On Tue, Aug 11, 2009 at 9:39 AM, Ed Spencer<ed_spen...@umanitoba.ca> wrote:
> We backup 2 filesystems on tuesday, 2 filesystems on thursday, and 2 on
> saturday. We backup to disk and then clone to tape. Our backup people
> can only handle doing 2 filesystems per night.
>
> Creating more filesystems to increase the parallelism of our backup is
> one solution but its a major redesign of the of the mail system.

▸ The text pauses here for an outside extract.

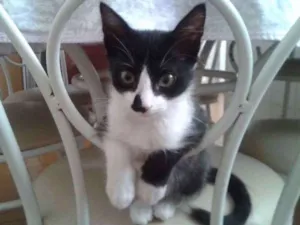 Gato raça srd idade 2 a 6 meses nome KIM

What is magical about a 1:1 mapping of backup job to file system?
According to the Networker manual[1], a save set in Networker can be
configured to back up certain directories.  According to some random
documentation about Cyrus[2], mail boxes fall under a pretty
predictable hierarchy.

1. http://oregonstate.edu/net/services/backups/clients/7_4/admin7_4.pdf
2. http://nakedape.cc/info/Cyrus-IMAP-HOWTO/components.html

Assuming that the way that your mailboxes get hashed fall into a
structure like $fs/b/bigbird and $fs/g/grover (and not just
$fs/bigbird and $fs/grover), you should be able to set a save set per
top level directory or per group of a few directories.  That is,
create a save set for $fs/a, $fs/b, etc. or $fs/a - $fs/d, $fs/e -
$fs/h, etc.  If you are able to create many smaller save sets and turn
the parallelism up you should be able to drive more throughput.

I wouldn't get too worried about ensuring that they all start at the
same time[3], but it would probably make sense to prioritize the
larger ones so that they start early and the smaller ones can fill in
the parallelism gaps as the longer-running ones finish.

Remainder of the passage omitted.